こんにちにゃあ～！Welcome to Kiki+Koko: Let’s NihonGO!! Online! Serving you the freshest blends three times a week for your discerning linguistic palates. We’re continuing with yet another delicious hiragana blend! That’s right, today’s fresh blends will be presented by our lovely assistant, QUIZBO™! This blend is from the マ行, ma-gyou, (ま row) which gives it a fun flavour that really dances on the palate. We’ve been really throwing these blends at you one after another, so be sure to pace yourself and be sure to go back often to make sure you understand and remember the previous ones! We’ll be presenting more concepts in future, but for now, it really is important to catch up a bit on reading in order to really help you in future lessons.
As we always want to reiterate, learning to read is an essential part of learning Japanese, a building block that sets the foundation to assist in everything from pronunciation to simply the ability to learn new vocabulary, and especially future conjugation of verbs and adjectives. (We’ve been sure to give you as much time as you need to get accustomed to the previous conjugations we’ve presented in order to allow the next ones to be less jarring.) Which brings us to another quick topic worth mentioning before we jump into the main part of the lesson. We never want to rush anyone along who needs a bit more time to learn and become accustomed to new characters, which is why we try to structure these lessons in a way that helps those who learn more quickly simply make the characters feel more second-nature whilst also allowing those who may need a bit of extra time to have plenty of opportunities to not only get accustomed to the characters, but to also find what way really works for them to help them differentiate and read as well as take in new information with ease. Because, all in all, we can give you the tools, but it’s important for you to actively know what works best for you.
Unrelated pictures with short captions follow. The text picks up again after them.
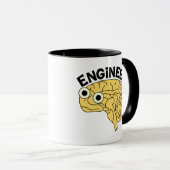 Hirnbauingenieur Tasse (VorderseiteRechts)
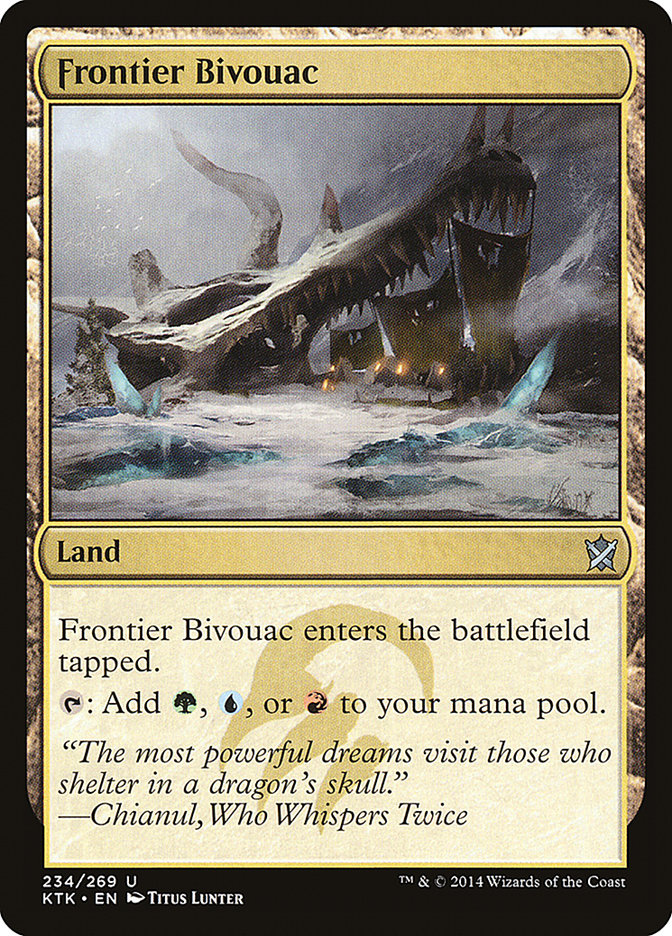 Frontier Bivouac - (Foil): Khans of Tarkir
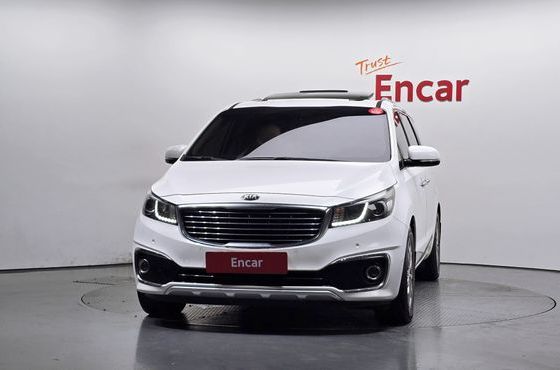 Kia Carnival 9-seater Noblesse — пробег 180 189 км — фото 3 из 5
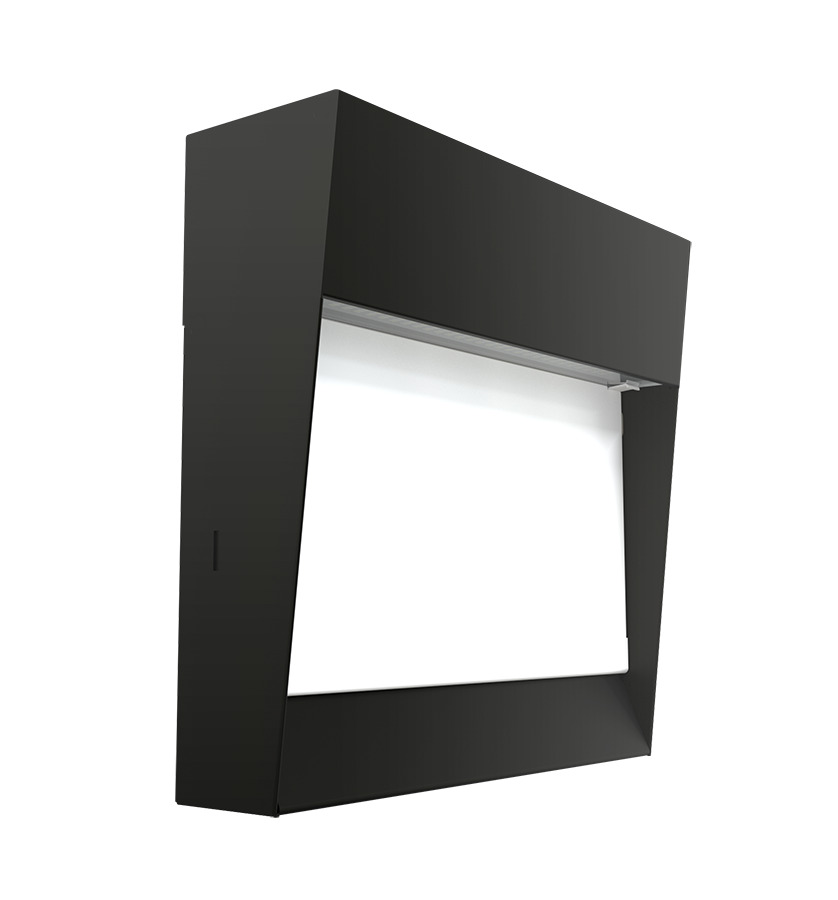 W17-36L W17 Ultra Economy Wallpack, (1) Lamps LED Lamp, 37 W Fixture, 120, 208, 240, 277 V, Bronze Housing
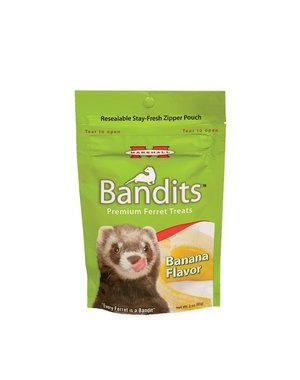 Marshall Products Marshall Bandits Ferret Treat Banana Flavor 3 oz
If there’s a certain kind of lesson that works the best for you or some way that helps you understand and recognise a character or concept, feel free to leave a comment or contact us through our various social media or contact section! As your guides and teachers, we try to put ourselves in your shoes, seeing these from the perspective of someone who may or may not have had previous experience with Japanese language, and we never want to succumb to the ‘curse of knowledge’ which is why we put ourselves in positions to be completely new to concepts to truly understand the feeling. But, even still, your experience is unique, but no matter how unique, there could be someone on the other side of the world who thinks and learns in the same way that you do, and they could benefit greatly from your experience. So, don’t be shy! You can be anonymous, as well. Your journey can be your own, and you can keep it as a personal experience until you’re ready to practise in public, or your experience can be as public as you wish, giving accountability. But, even still, we always want to reiterate that learning isn’t a race! We know from experience that in any subject, even ‘fast learners’ can accidentally just encode facts and topics to their short term memory, just learning for the test, and then find it not as concretely in their long term memory. Except for QUIZBO™くん, but he’s a computer robot who never forgets, even if his hardware is from the Heisei era and his software is up-to-date… But we digress!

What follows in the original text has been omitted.